Image-caption web data
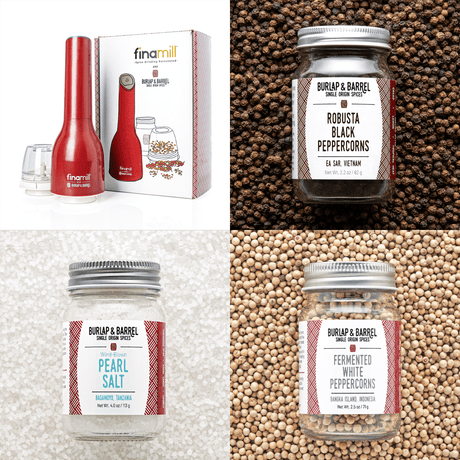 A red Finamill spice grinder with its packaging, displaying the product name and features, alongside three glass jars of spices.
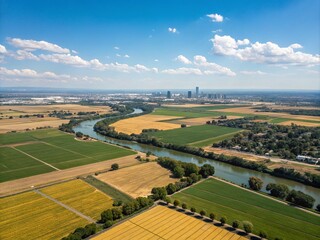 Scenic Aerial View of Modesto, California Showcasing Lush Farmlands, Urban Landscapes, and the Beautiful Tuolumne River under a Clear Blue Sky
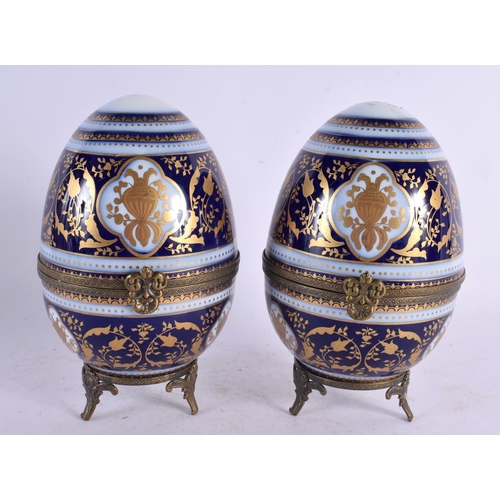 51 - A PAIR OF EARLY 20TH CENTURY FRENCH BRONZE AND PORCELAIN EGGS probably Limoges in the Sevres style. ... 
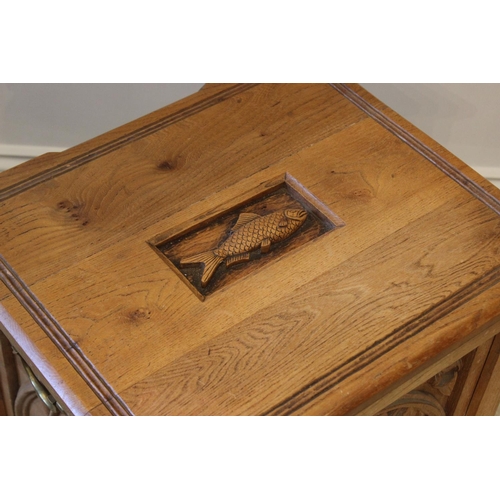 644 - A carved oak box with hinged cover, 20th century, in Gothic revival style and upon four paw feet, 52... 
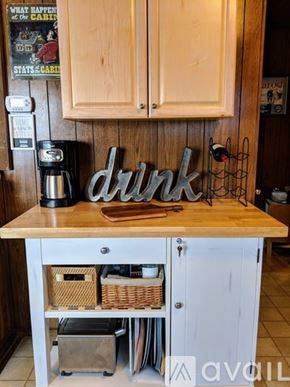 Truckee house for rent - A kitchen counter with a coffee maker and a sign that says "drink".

▶ WORK INSTRUCTIONS: What is needed is an exact reproduction of the data, pictures excluded.

▶ ANSWER FOR THIS EXERCISE:
 A red Finamill spice grinder with its packaging, displaying the product name and features, alongside three glass jars of spices.
 Scenic Aerial View of Modesto, California Showcasing Lush Farmlands, Urban Landscapes, and the Beautiful Tuolumne River under a Clear Blue Sky
 51 - A PAIR OF EARLY 20TH CENTURY FRENCH BRONZE AND PORCELAIN EGGS probably Limoges in the Sevres style. ... 
 644 - A carved oak box with hinged cover, 20th century, in Gothic revival style and upon four paw feet, 52... 
 Truckee house for rent - A kitchen counter with a coffee maker and a sign that says "drink".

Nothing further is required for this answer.